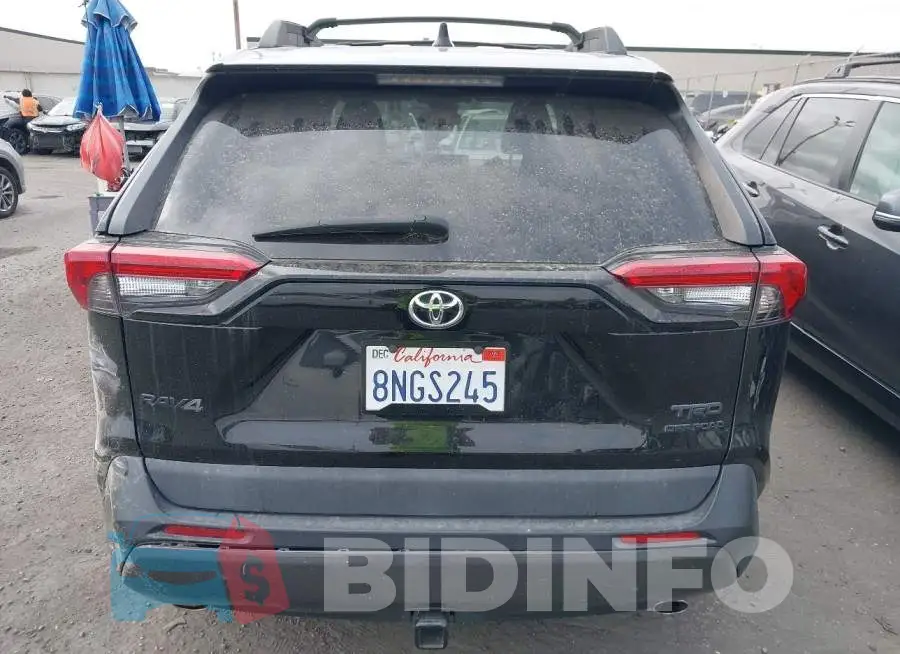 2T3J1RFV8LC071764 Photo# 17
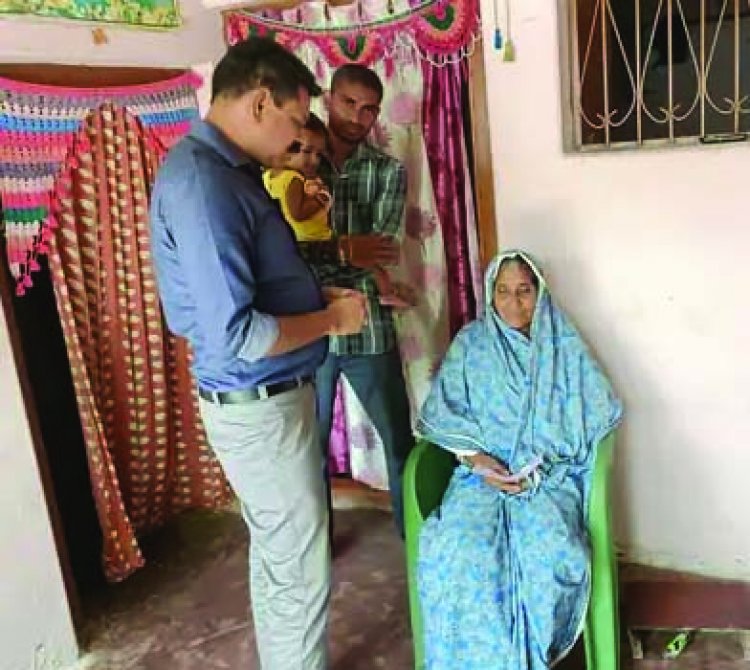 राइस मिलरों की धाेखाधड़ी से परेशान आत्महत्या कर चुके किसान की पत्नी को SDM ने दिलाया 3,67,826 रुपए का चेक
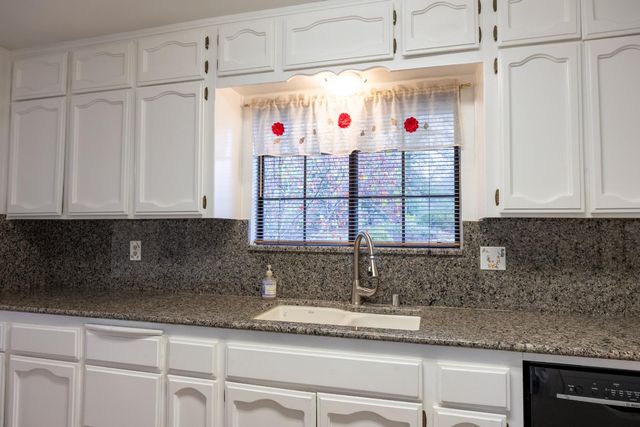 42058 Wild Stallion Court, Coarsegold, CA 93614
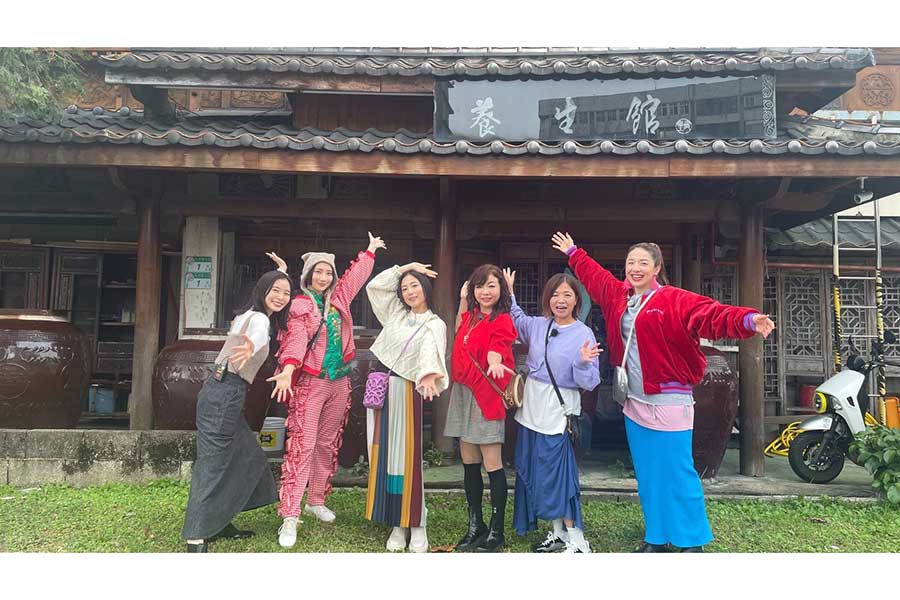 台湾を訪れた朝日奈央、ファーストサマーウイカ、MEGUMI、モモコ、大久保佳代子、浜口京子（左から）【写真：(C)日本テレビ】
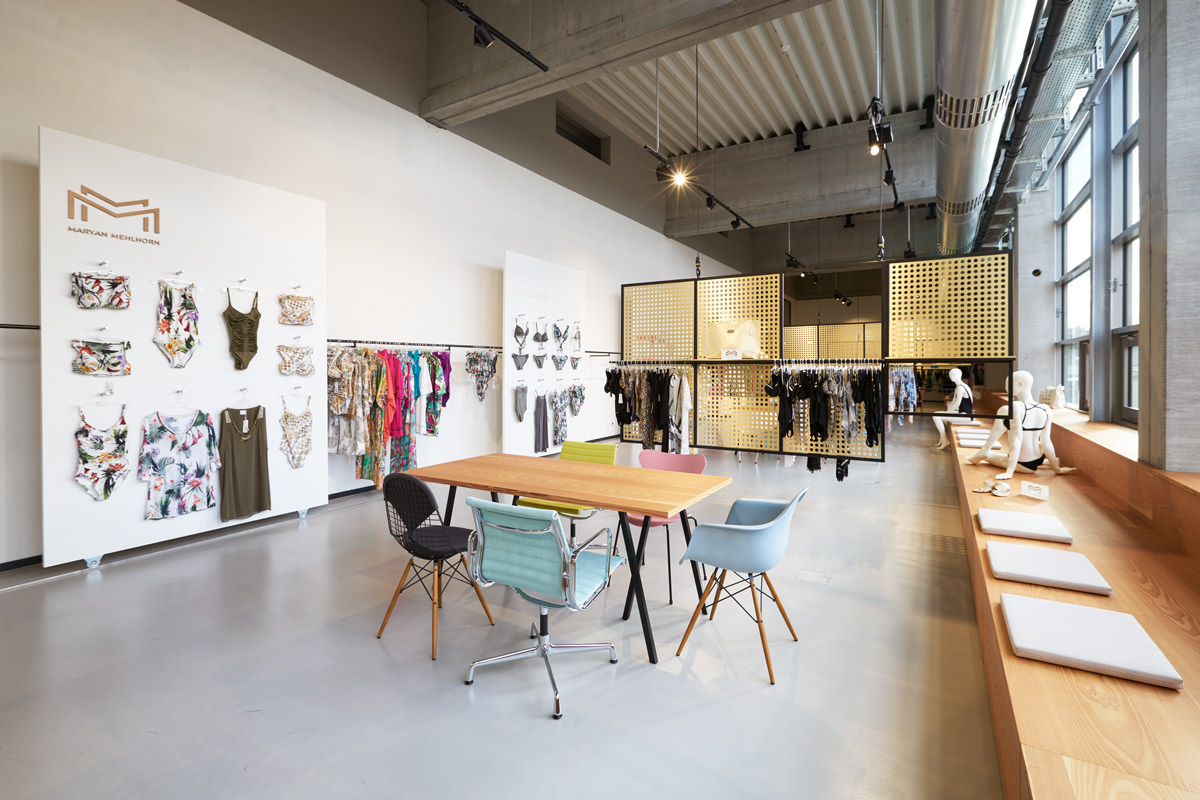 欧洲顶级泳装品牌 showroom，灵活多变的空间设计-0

---

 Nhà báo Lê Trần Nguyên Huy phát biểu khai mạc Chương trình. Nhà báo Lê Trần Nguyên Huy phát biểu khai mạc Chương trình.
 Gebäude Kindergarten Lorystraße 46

* * *

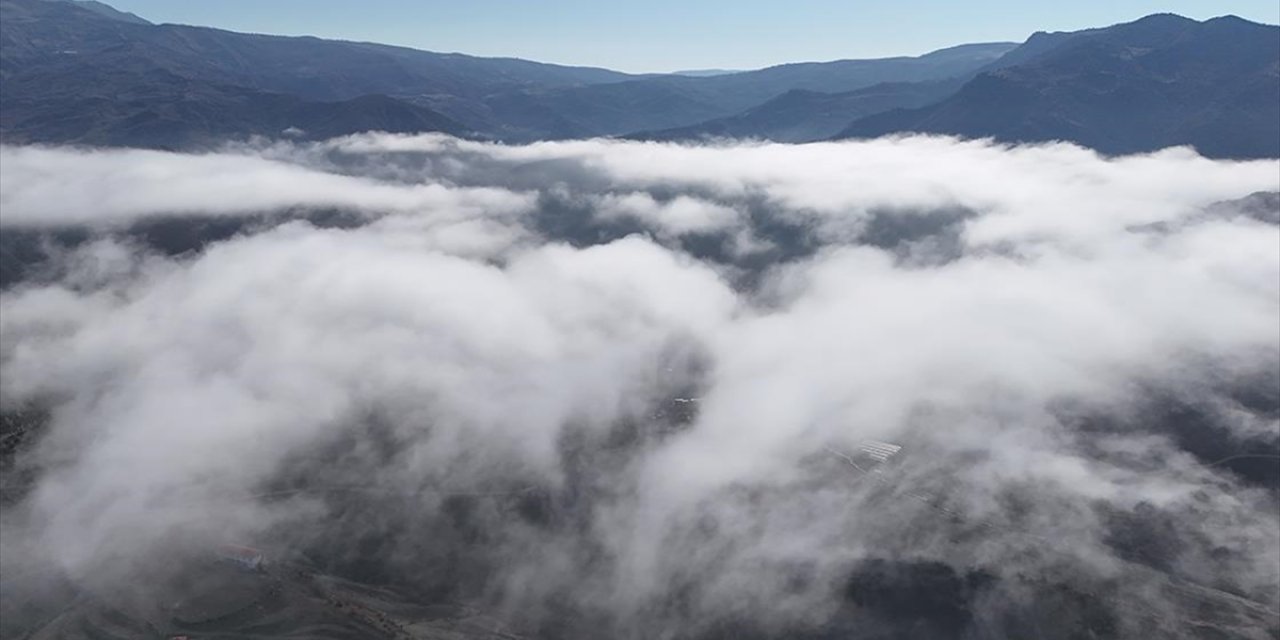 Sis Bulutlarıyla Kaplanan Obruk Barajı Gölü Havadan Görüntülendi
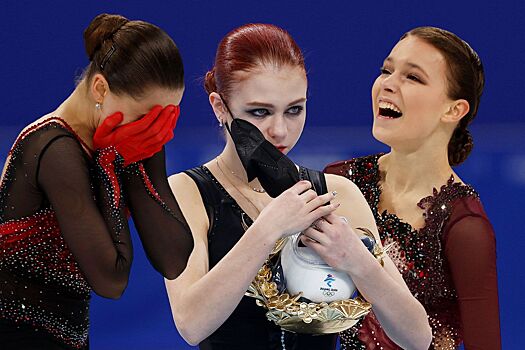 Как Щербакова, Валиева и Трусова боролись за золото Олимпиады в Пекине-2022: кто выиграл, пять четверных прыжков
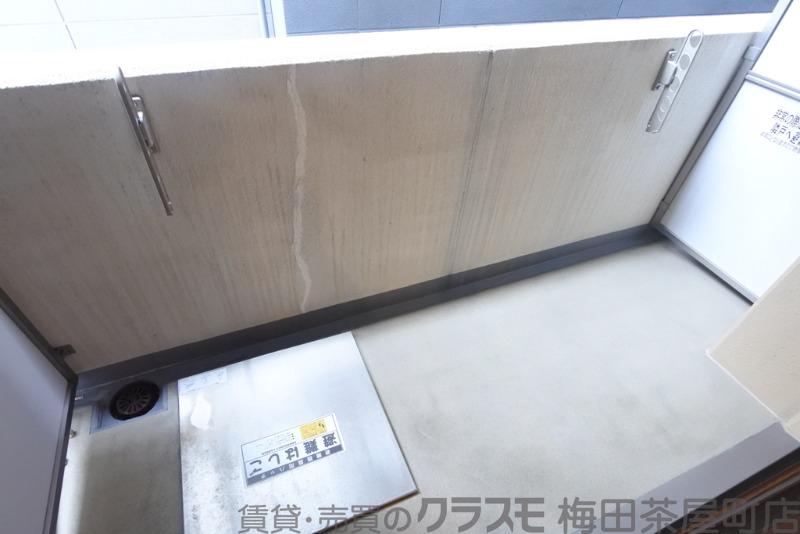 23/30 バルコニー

WHAT TO WORK ON »
Reproduce word for word, with pictures dropped, only the part of the material above that opens with the line containing "2T3J1RFV8LC071764 Photo# 17" and closes with the line containing "欧洲顶级泳装品牌 showroom，灵活多变的空间设计-0".

ANSWER BOX »
 2T3J1RFV8LC071764 Photo# 17
 राइस मिलरों की धाेखाधड़ी से परेशान आत्महत्या कर चुके किसान की पत्नी को SDM ने दिलाया 3,67,826 रुपए का चेक
 42058 Wild Stallion Court, Coarsegold, CA 93614
 台湾を訪れた朝日奈央、ファーストサマーウイカ、MEGUMI、モモコ、大久保佳代子、浜口京子（左から）【写真：(C)日本テレビ】
 欧洲顶级泳装品牌 showroom，灵活多变的空间设计-0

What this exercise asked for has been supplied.